Short text fragments from websites:
○ ○ ○ ○ ○

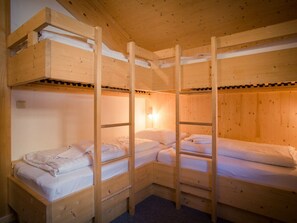 A wooden bunk bed room with a ladder, a wall-mounted light, and a small window. - Cabin in Turrach With Sauna and Terrace (Stadl-Predlitz)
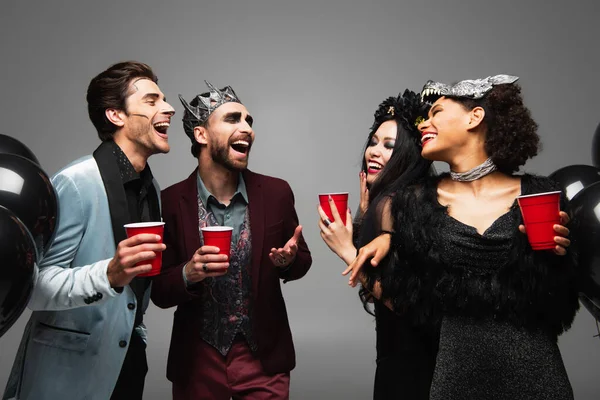 Amigos interracial emocionados sosteniendo copas de plástico y riendo durante la fiesta de Halloween aislado en gris - foto de stock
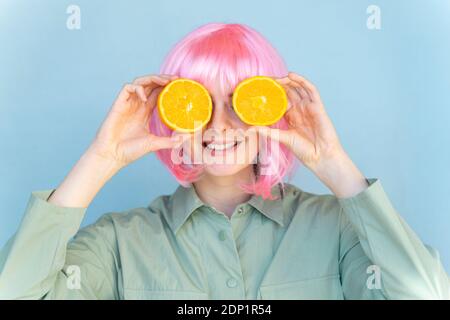 Jeune femme portant une perruque rose couvrant ses yeux avec des oranges Banque D'Images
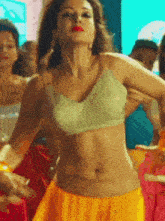 a woman in a green crop top and yellow skirt is dancing in front of a crowd .
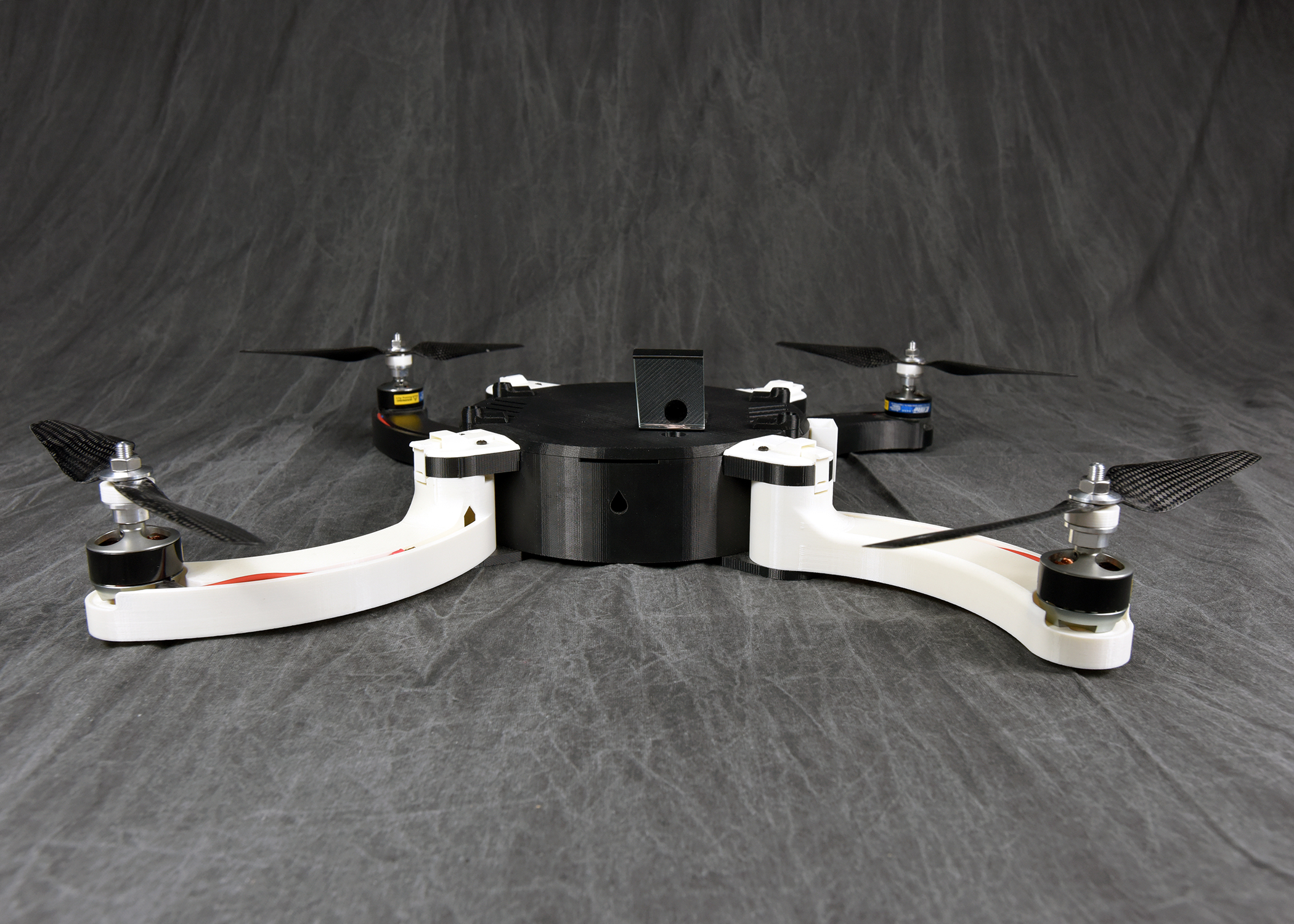 A front view of a fully assembled quadcopter drone. The drone has a black central body and four white arms extending outwards, each with a motor and a black propeller. It is sitting on a dark, wrinkled fabric background.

○ ○ ○ ○ ○

WHAT YOU SHOULD DO —
Only the lines starting at the one that holds "Amigos interracial emocionados" and ending at the last line of the data belong in your answer. Please set them down exactly and omit the pictures.

SOLUTION TO THE PROBLEM —
 Amigos interracial emocionados sosteniendo copas de plástico y riendo durante la fiesta de Halloween aislado en gris - foto de stock
 Jeune femme portant une perruque rose couvrant ses yeux avec des oranges Banque D'Images
 a woman in a green crop top and yellow skirt is dancing in front of a crowd .
 A front view of a fully assembled quadcopter drone. The drone has a black central body and four white arms extending outwards, each with a motor and a black propeller. It is sitting on a dark, wrinkled fabric background.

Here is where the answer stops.